Dad’s been drinking. He sways his way over to me with a look on his sorry-ass face that says, “Ya best answer this next question the way I wanna here it. Where’s Zexie?” He didn’t ask where Pooch was. He could see him lying in the shade by the house.
“What?” I say, trying to keep my axe swinging in the right direction.
“I said where’s Zexie?” he yells.
Unlike Dad, time is standing still and sober like at the picture show, when the film has snapped and nobody knows what to do with themselves. All I know is, I’d been doing what I was told. I was chopping and sharpening, chopping and sharpening all day, the sharpening part being my idea. I have enough wood stacked up to make it through a blizzard.
I say back to him, “I don’t know, haven’t seen her. Been chopping wood all day.”
“Get the gun,” he says. “We’ll follow the trap line. See if she got caught up.” I run inside and get the single shot .22 off the chester drawers and run to catch up with Dad.
Sure enough, Zexie is lying in the first trap we come to, poor little thing. She’s been gnawing on her own leg to get out of that trap. I know I didn’t have anything to do with it. Dad set that goddamn trap, not me. I was only doing what I was told.
Dad pulls the trap open and picks her up, cradling her in one arm like a baby. Then he walks over and slaps the living hell out of me with the other. I stumble back but this time, I don’t fall. I make myself stand up straight.
Dad sure does like dogs.
He hands me the .22 to carry back and starts walking towards the house. Just as I’m thinking, “Don’t turn around you sorry son of a bitch ’cause I’m gonna shoot you in the back of the head,” he turns back around, grabs the .22 right out of my hand, and take the bullets out.

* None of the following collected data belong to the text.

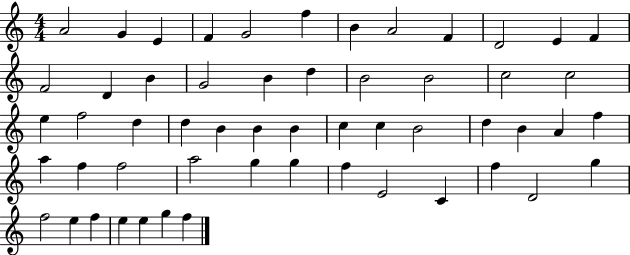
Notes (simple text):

A4/h G4/q E4/q F4/q G4/h F5/q B4/q A4/h F4/q D4/h E4/q F4/q F4/h D4/q B4/q G4/h B4/q D5/q B4/h B4/h C5/h C5/h E5/q F5/h D5/q D5/q B4/q B4/q B4/q C5/q C5/q B4/h D5/q B4/q A4/q F5/q A5/q F5/q F5/h A5/h G5/q G5/q F5/q E4/h C4/q F5/q D4/h G5/q F5/h E5/q F5/q E5/q E5/q G5/q F5/q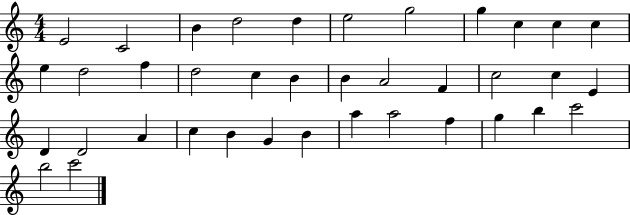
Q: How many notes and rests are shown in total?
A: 38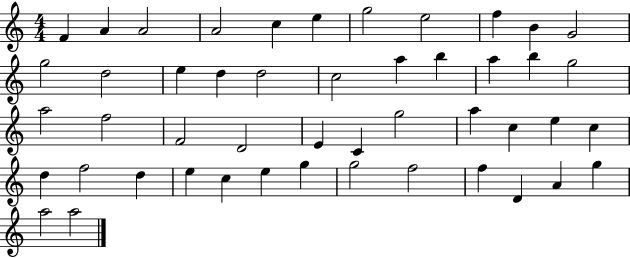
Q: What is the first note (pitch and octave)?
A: F4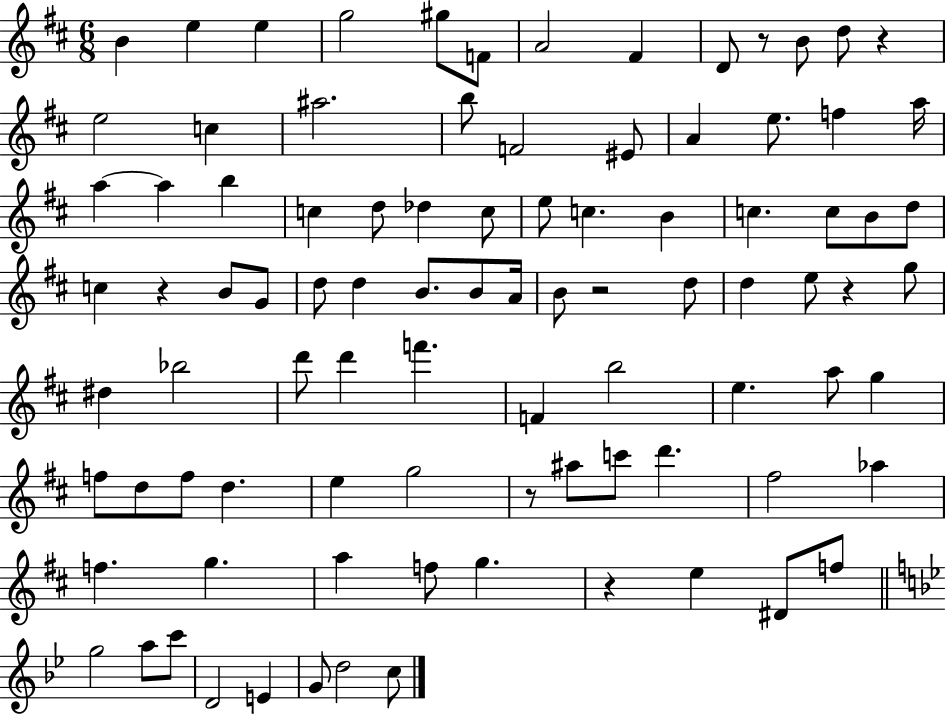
B4/q E5/q E5/q G5/h G#5/e F4/e A4/h F#4/q D4/e R/e B4/e D5/e R/q E5/h C5/q A#5/h. B5/e F4/h EIS4/e A4/q E5/e. F5/q A5/s A5/q A5/q B5/q C5/q D5/e Db5/q C5/e E5/e C5/q. B4/q C5/q. C5/e B4/e D5/e C5/q R/q B4/e G4/e D5/e D5/q B4/e. B4/e A4/s B4/e R/h D5/e D5/q E5/e R/q G5/e D#5/q Bb5/h D6/e D6/q F6/q. F4/q B5/h E5/q. A5/e G5/q F5/e D5/e F5/e D5/q. E5/q G5/h R/e A#5/e C6/e D6/q. F#5/h Ab5/q F5/q. G5/q. A5/q F5/e G5/q. R/q E5/q D#4/e F5/e G5/h A5/e C6/e D4/h E4/q G4/e D5/h C5/e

“Here,” he says, and hands the pistol back to me.
He doesn’t trust me, and I don’t trust him. That’s about the sum of it.

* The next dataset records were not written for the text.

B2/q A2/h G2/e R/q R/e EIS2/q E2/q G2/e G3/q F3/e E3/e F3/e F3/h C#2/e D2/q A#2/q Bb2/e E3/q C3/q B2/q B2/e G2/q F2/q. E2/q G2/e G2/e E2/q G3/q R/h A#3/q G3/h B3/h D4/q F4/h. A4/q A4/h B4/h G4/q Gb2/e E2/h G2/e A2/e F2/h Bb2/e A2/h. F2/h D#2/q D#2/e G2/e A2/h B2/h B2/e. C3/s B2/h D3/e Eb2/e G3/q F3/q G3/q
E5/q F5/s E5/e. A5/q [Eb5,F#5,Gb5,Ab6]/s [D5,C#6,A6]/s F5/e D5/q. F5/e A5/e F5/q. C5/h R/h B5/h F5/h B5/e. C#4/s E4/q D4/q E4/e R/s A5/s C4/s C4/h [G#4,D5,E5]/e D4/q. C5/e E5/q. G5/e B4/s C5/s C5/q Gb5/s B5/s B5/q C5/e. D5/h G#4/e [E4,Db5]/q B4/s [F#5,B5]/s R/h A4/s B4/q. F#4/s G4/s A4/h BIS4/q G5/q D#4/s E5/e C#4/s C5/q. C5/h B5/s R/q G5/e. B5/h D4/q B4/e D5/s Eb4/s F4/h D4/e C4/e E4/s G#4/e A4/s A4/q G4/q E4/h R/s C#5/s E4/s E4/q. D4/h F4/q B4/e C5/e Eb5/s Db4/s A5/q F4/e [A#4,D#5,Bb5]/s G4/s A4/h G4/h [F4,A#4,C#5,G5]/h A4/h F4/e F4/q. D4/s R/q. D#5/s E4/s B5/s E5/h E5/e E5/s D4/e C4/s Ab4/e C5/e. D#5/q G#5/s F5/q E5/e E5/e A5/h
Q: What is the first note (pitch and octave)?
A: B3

I know exactly how it feels to be caught in a trap, and I’ll be damned if I gotta gnaw off my foot to get out of this one. I also know there’s a way to have supper without feeling poisoned. I just have to figure out where that is and which direction I need to go to get there. I’d follow those railroad tracks anywhere about now.
Excerpt from No Hill for a Stepper
Author note: This is a true story and I need to tell my readers that Zexie recovered.